Here's a couple of good ones:

Pops:

http://www.smokingmeatforums.com/t/86405/pickling-a-turkey-with-pops-curing-brine

Meateater:

http://www.smokingmeatforums.com/t/100916/meateater-brined-and-cured-bird-review-pic-heavy

Bear


----------



## jc1947 (Sep 7, 2011)

Quote:


jbest123 said:


> how do you make turkey taste like ham?


*Not trying to be a wiseass but I have been trying to figure out why make a turkey taste like ham. If I wanted ham taste, why not smoke a ham?*


----------



## Bearcarver (Sep 7, 2011)

JC1947 said:


> Quote:
> 
> *Not trying to be a wiseass but I have been trying to figure out why make a turkey taste like ham. If I wanted ham taste, why not smoke a ham?*


I know what you mean, but once you try it, you'll know why. It doesn't really taste like Ham, just like Bacon doesn't taste like Ham. It has it's own flavor. You'd love it.
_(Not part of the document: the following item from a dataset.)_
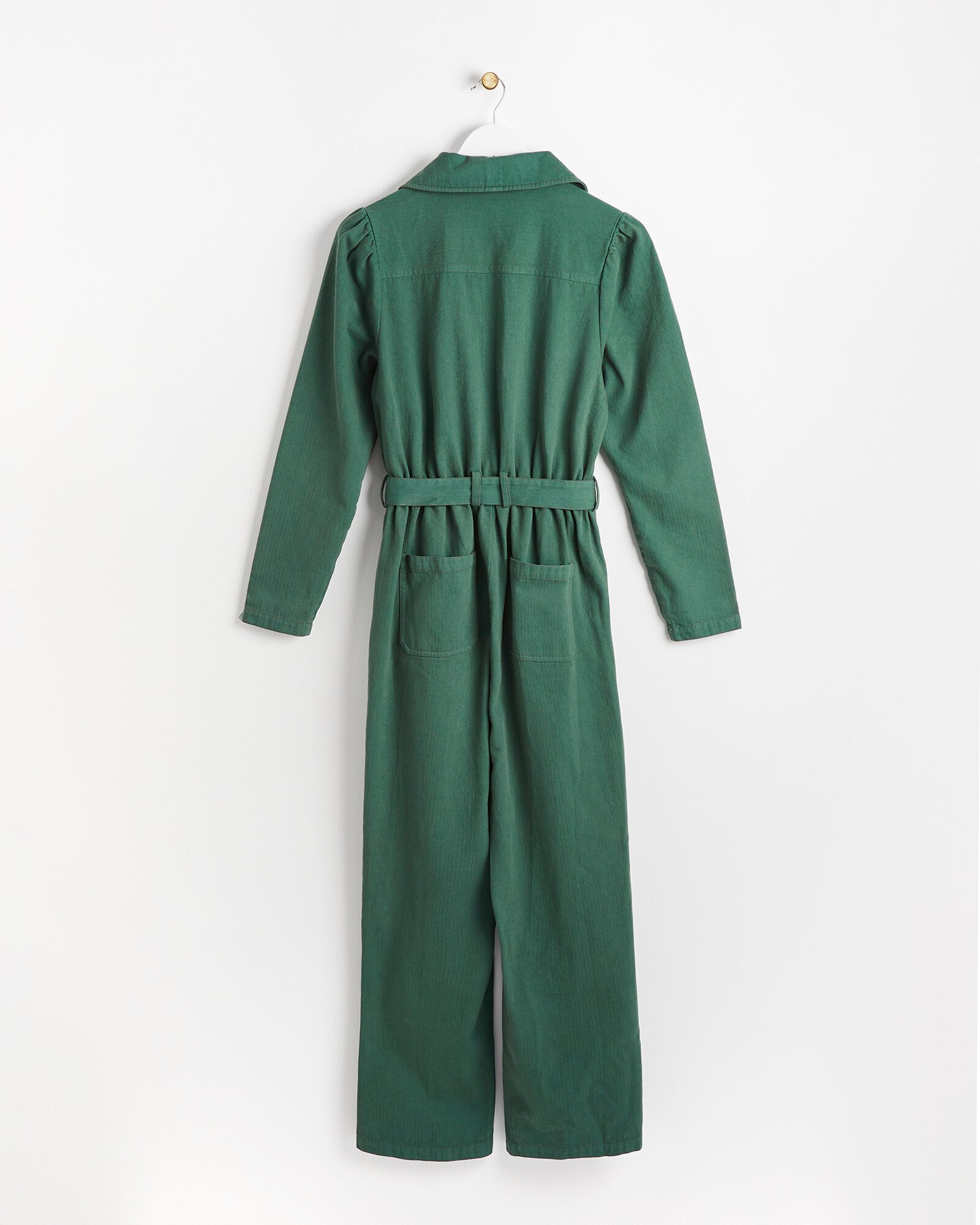 Washed Green Herringbone Jumpsuit | Oliver Bonas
Some people wonder why some of us "Double-Smoke" Hams. Then once they taste it, they understand.

LOL---And you know I would never steer you wrong, JC.  
	

	
	
		
		



		
		
	


	





Bear


----------



## jc1947 (Sep 7, 2011)

Bearcarver said:


> I know what you mean, but once you try it, you'll know why. It doesn't really taste like Ham, just like Bacon doesn't taste like Ham. It has it's own flavor. You'd love it.
> 
> Some people wonder why some of us "Double-Smoke" Hams. Then once they taste it, they understand.
> 
> ...


*Bear,*

*    If there is 1 thing I know about smoking, it is you would never steer me wrong. *

*I am going to follow your advice and try one!*

*Thanks once again,*

*JC*


----------



## pops6927 (Sep 7, 2011)

Try it, you'll like it - it's a delicacy!


----------



## roller (Sep 7, 2011)

Sounds wierd....


----------



## shortend (Sep 7, 2011)

I love "hammy" smoked turkey. My dad used to get one every fall from the Amana Colony Smokehouse. They were a real treat. Until I read the thread that Pop's posted a couple of years back, I was never able to get that hammy flavor, no matter what brine I used. It's the cure#1 and pickleing time that does the trick. I'm getting anxious to do one again just reading this thread. Mmmm.......Mmmmm.


----------



## jbest123 (Sep 10, 2011)

I think I will give the thighs a try as they have them on sale often. If that works out, I will move up the bird to the breast and try some pastrami.:grilling_smilie: John


----------